Tourists visiting the 9/11 Memorial Museum in New York City can read its brochures in 10 different languages – but Arabic is not one of them. Nor will it be any time soon.
“Nine languages are spoken by over 97 percent of our visitors: English, Spanish, German, French, Portuguese, Mandarin, Italian, Japanese and Russian,” a representative from the memorial told the New York Post.
The American-Arab Anti-Discrimination Committee, claiming Arabic is the world’s fourth-most-spoken language, is sending letters to memorial coordinators demanding answers on why the language is not included.
But it appears that the Arabic community is looking for more than just brochures printed in its language. An August AlJazeera.com report describes Manhattan as the area once known as Little Syria:
Less than 100 years ago, New York City’s renowned commercial district was home to the largest Arab community in the Western hemisphere. Since the 1880’s, Arab immigrants from what was then known as Greater Syria – and later divided into present-day Syria, Lebanon, Jordan and Palestine – settled in this neighborhood, the first stop in New York City after Ellis Island.

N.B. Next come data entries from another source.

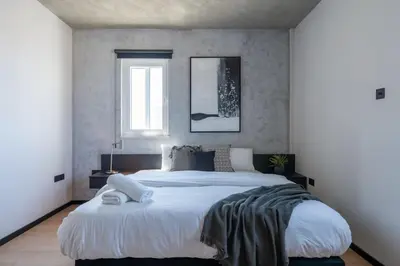 a bedroom with a large bed and a window at The Penthouse - 3BR Seaview with Private Pool in Larnaca in Larnaka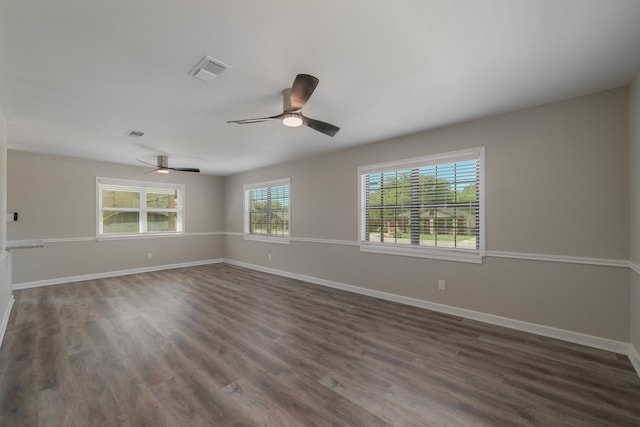 empty room with ceiling fan and dark hardwood / wood-style floors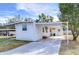 White mobile home with carport and landscaping at 37418 Hammond Dr, Zephyrhills, FL 33541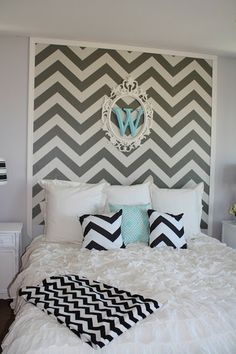 a white bed with black and gray chevrons on the headboard is featured in an instagram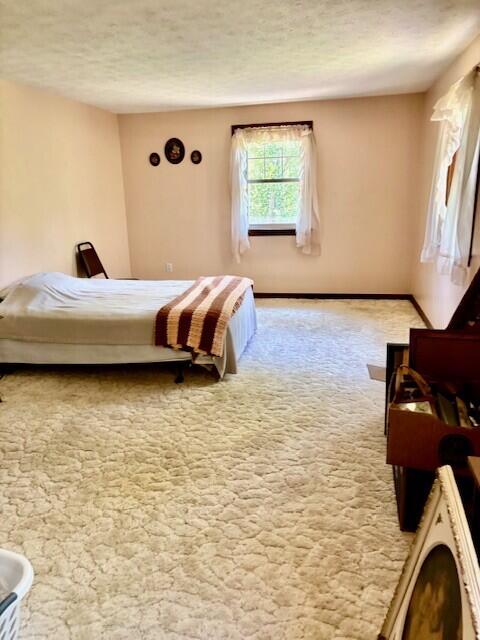 2 Oak Ridge Rd, Kennebunkport, ME 04046 - carpeted bedroom featuring a textured ceiling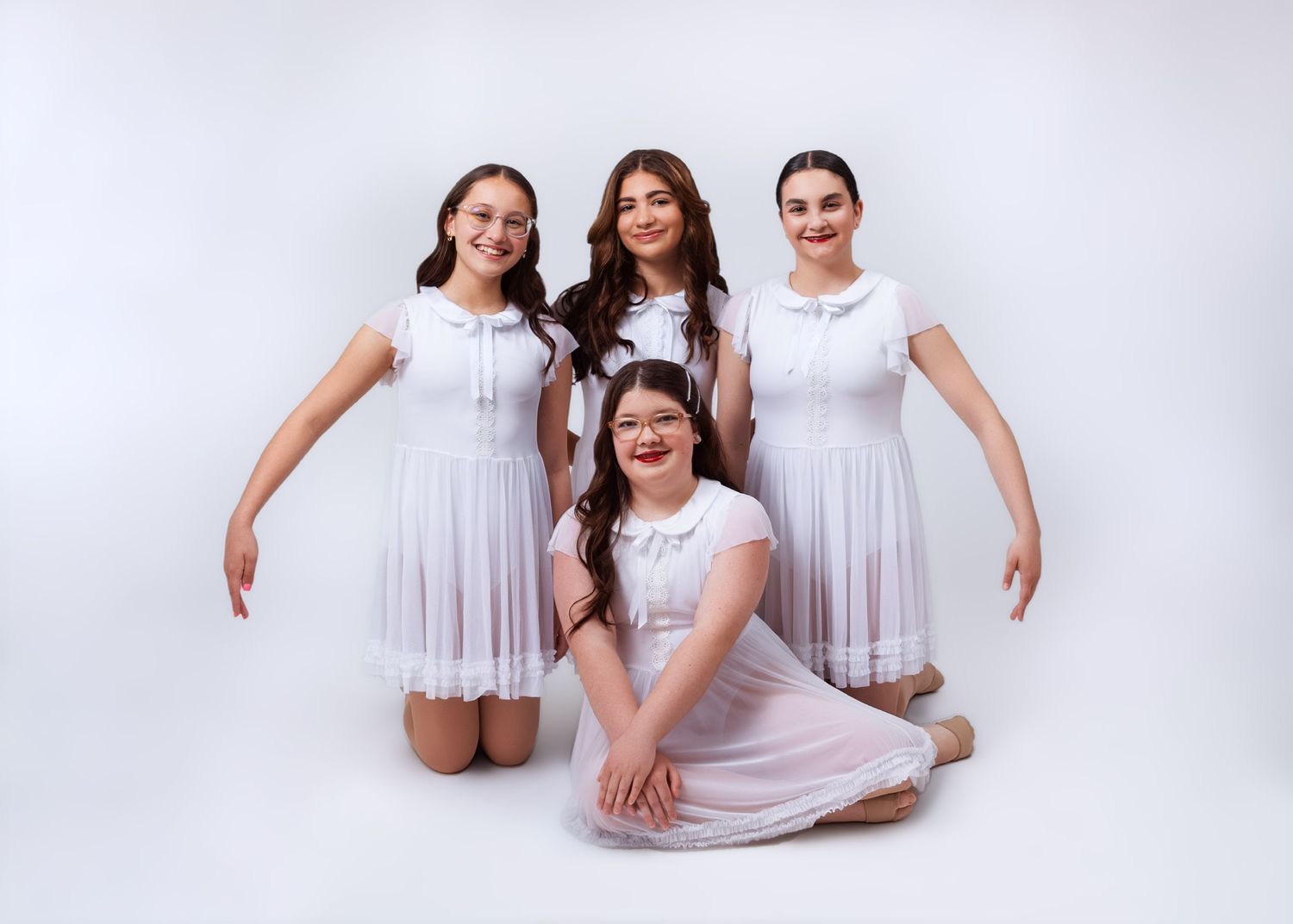 Four girls in matching white dresses pose together for a dance studio group portrait photo.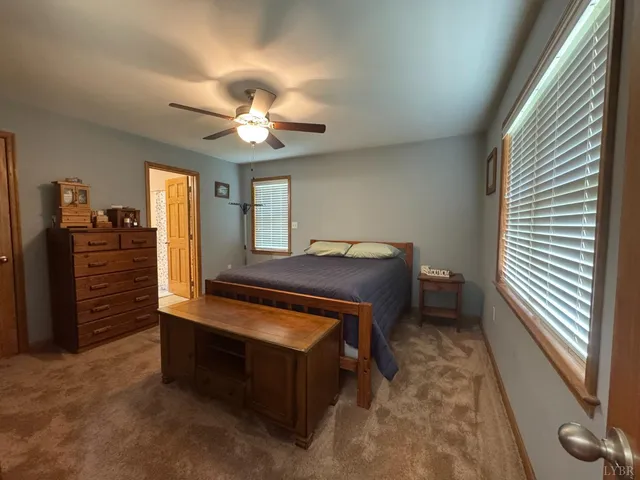 a view of hall way with furniture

Streets that are now lined with skyscrapers housing the headquarters of world financial institutions were instead lined with low-rise Arabic coffee shops, Middle Eastern restaurants and shops. Men in traditional fezzes poured coffee for passers-by on the streets.
The group is petitioning the 9/11 Memorial Museum to include Little Syria’s history in its permanent exhibit.
“The lack of Arabic brochures and the apparent exclusion of Arab-American history suggests a pattern of discrimination towards Arabs and Arab-Americans,” Raed Jarrar, communications director for the Arab-American Anti-Discrimination Committee, told Al Jazeera.
9/11 Memorial spokesman Michael Frazier told Al Jazeera the museum had offered to include an oral history of Little Syria in a temporary exhibit, but there was not enough time to include the perspective in the museum’s permanent exhibit because of the work involved.
As for printing tourism materials in Arabic, the museum said there aren’t enough Arabic-speaking visitors to justify the cost.
“As Arabic-speaking visitors currently represent our 25th-largest group, Arabic translations are not yet among the initial foreign language editions,” the museum’s representative told the Post.